Log Management for Lemmy Deployed via Docker with Graylog

07/30/2023: Initial draft.

I no longer run Lemmy due to the extreme risks caused by the current implementation of media sharing, the software faults that result in there not being a manageable way to moderate and remove content safely, and the responses from the developers to the ongoing threats that activity like that is currently causing anyone running a server.

I would not recommend utilizing Lemmy for anything until there's better safeguards to keep yourself and your users safe, but I'm leaving these instructions up as they may be helpful to others regardless.

Graylog is an open-source log management and SIEM based on OpenSearch and one that I'm quite fond of due to the well-developed alerting, import, and filtering options that set it apart from other options, like an ELK stack.

This isn't intended to be a completely comprehensive outline of every single way you could log from Lemmy to Graylog, but rather a rough template to get the data ingested into Graylog so you can start tweaking for the metrics and alerts that are important to you once you've got the logs there.

First, I'm going to assume a Docker-based deployment.  The following instructions rely on Docker logging, so while the Graylog setup instructions are fairly universal, everything covering ingesting the data relies on Docker functionality.

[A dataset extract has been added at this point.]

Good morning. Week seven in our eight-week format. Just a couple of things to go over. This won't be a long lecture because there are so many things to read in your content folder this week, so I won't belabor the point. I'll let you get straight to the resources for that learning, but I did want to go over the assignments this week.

Setting up Graylog via Docker is pretty easy and they provide comprehensive instructions on a Docker deployment, along with an example docker-compose.yml file.  The deployment I've used is essentially their default docker-compose.yml example, with just a single change to accommodate the GeoLite2 City database for GeoIP enrichment.

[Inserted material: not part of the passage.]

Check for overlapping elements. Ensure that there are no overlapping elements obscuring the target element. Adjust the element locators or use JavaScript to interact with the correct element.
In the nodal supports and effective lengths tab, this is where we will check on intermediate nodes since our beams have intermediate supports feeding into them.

In the Graylog service block, I added an additional volume directive to allow access to the MaxMind GeoIP database file needed for this to work:

- "/home/lemmy/GeoLite2-City.mmdb:/etc/graylog/server/GeoLite2-City.mmdb"

You can obtain this database for free at MaxMind's site, but you'll need to register.

Once you've deployed Graylog and it launches, the next step will be to configure an Input to ingest the logs from the Lemmy Docker containers.

The top menu bar has a System menu, and you want the Inputs option in that menu.  

From there, you'll want to select GELF UDP from the dropdown, and then Launch new input.

Image showing where to add the GELF UDP driver

The only modification I made there was to fill in the required title field.  I left the Bind, Port, and other configurations alone.  Depending on your network and where the Graylog server is located, the GELF UDP input may not be the right choice for you, but as all of this is running on the same local network for me, it didn't really matter (and UDP is the "fastest" input for Graylog).

If it's successful, you should see a new block under the header of the Local input that shows the new Input.

Image showing a successful creation of a new input

If you do, then congrats: the Input you need for Docker to write to Graylog is created and active, and we're ready to move on to the next steps.

Next up, you're going to want to adjust your nginx logs to output specifically formatted JSON and to write it to stdout.  Docker takes the stdout and pushes all of it to Graylog over the GELF driver, so you won't need to log files or run anything that parses and ingests logging like you would with a more traditional ELK stack.

You just need to add a bit of configuration information to the nginx.conf file specifying the log format, and then two directives for the access_log and error_log to write in that format.

My configuration is in the nginx.conf file, and it's part of the http block.

http {

    log_format graylog2_json escape=json '{ "timestamp": "$time_iso8601", '
             '"remote_addr": "$remote_addr", '
             '"body_bytes_sent": $body_bytes_sent, '
             '"request_time": $request_time, '
             '"response_status": $status, '
             '"request": "$request", '
             '"request_method": "$request_method", '
             '"host": "$host",'
             '"upstream_cache_status": "$upstream_cache_status",'
             '"upstream_addr": "$upstream_addr",'
             '"http_x_forwarded_for": "$http_x_forwarded_for",'
             '"http_referrer": "$http_referer", '
             '"http_user_agent": "$http_user_agent", '
             '"http_version": "$server_protocol", '
             '"nginx_access": true }';

access_log /dev/stdout graylog2_json;
error_log stderr warn;

Save and restart, and the Docker container's log output should now be showing you the access and error logs from nginx in properly formatted JSON.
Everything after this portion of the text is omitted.